Coalesce common plain filters in a bucket into a single trie

This issue is opened somewhat a posteriori, as work for this has already been committed in gorhill/uBlock@c229003 (the new STrieContainer code was just a matter of reusing existing HNTrieContainer code and modifying it to deal with plain string rather than hostname, i.e. simplifying really).

However I want to document and further investigate pushing the trie usage farther, hence this issue.

Done

In the static network filtering engine, filter buckets are used to hold collections of filters which share the same token. Tokens are used to store/lookup filters or collections of filters so as to minimize the number of filters visited each time a network request needs to be matched against the content of the filter lists.

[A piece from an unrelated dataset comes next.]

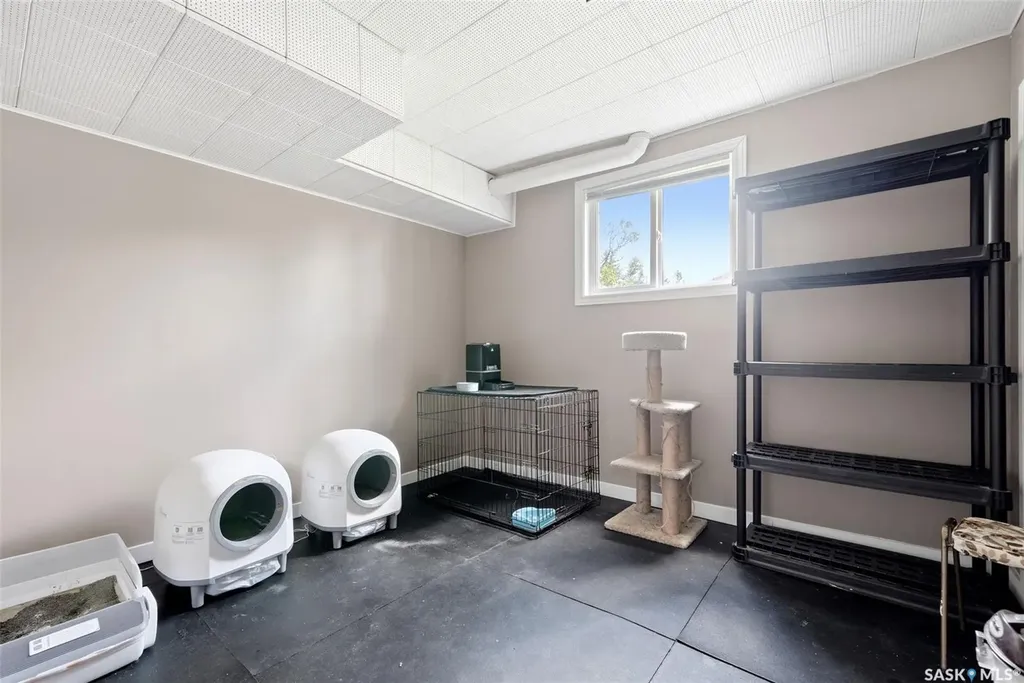 22 Salemka Crescent Regina SK S4R 7S1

With gorhill/uBlock@a594b3f, I introduced a method to help investigate the content of all filter buckets. To do so, call the method from uBO's dev console as follow:

µBlock.staticNetFilteringEngine.bucketHistogram()

This will output a list of all filter buckets in the static network filtering engine, from largest to smallest. Before the work on trie usage was committed, bucketHistogram() would show the content of the largest buckets as follow (top ten):

bits: 0, token: "ad", 926 entries
bits: 0, token: "ads", 636 entries
bits: 65, token: "phncdn", 253 entries
bits: 0, token: "analytic", 174 entries
bits: 0, token: "tracking", 155 entries
bits: 72, token: "http", 146 entries
bits: 72, token: "https", 139 entries
bits: 88, token: "http", 122 entries
bits: 0, token: "adv", 121 entries
bits: 88, token: "https", 118 entries
bits: 0, token: "advertis", 102 entries

As can be seen the ad and ads bucket are quite large, and anytime uBO encounter a URL with the token ad or ads, it must potentially visit all or a large number of the entries in these buckets to find out whether there is a matching filter.

Oftentimes, a majority of filters in these buckets are plain filters which can be coalesced into a single trie entity, and a single scan of the trie will tell whether any of the filter has been matched.

After the work to coalesce trieable filters from the same bucket into a single trie was committed, the buckets looked like this:

bits: 0, token: "ad", 57 entries + 2 tries coalescing 869 strings
bits: 0, token: "ads", 78 entries + 1 trie coalescing 558 strings
bits: 65, token: "phncdn", 22 entries + 1 trie coalescing 231 strings
bits: 0, token: "analytic", 35 entries + 1 trie coalescing 139 strings
bits: 0, token: "tracking", 17 entries + 1 trie coalescing 138 strings
bits: 72, token: "http", 146 entries
bits: 72, token: "https", 139 entries
bits: 88, token: "http", 122 entries
bits: 0, token: "adv", 26 entries + 1 trie coalescing 95 strings
bits: 88, token: "https", 118 entries
bits: 0, token: "advertis", 18 entries + 1 trie coalescing 84 strings

Sometimes, buckets end up with 0 entries and 1 trie as all the filters in the bucket can be coalesced into a single trie, for example:

bits: 0, token: "adserver", 0 entries + 1 trie coalescing 29 strings

The result as per µBlock.staticNetFilteringEngine.benchmark() method was a measurable performance and memory usage gain. I do not expect the performance gain to be noticeable from a user's point of view, although the memory efficiency can be noticed, especially when uBO loads from a selfie (typically well under 40 MB at launch with default settings/lists).

To do

Investigate pushing the coalecing-into-tries idea farther in the context of filter buckets. There are still many entries left in some filter buckets which can theoretically be coalesced into a trie.

However this would require a "bidi" trie, i.e. a trie which can scan left and right of the token position in the URL -- current implementation scans just to the right.

The ability to scan both directions would open the door to also coalesce FitlerPlain-based filters into the same trie currently used by the FilterPlainPrefix1-based filters (a specialized version of FitlerPlain).

For examples, this would further reduce the number of entries to scan to 19 entries in the ad bucket (from 57 entries with current trie, or 926 entries with no trie), and to just 8 entries in the ads bucket (from 78 entries with current trie, or 636 entries with no trie).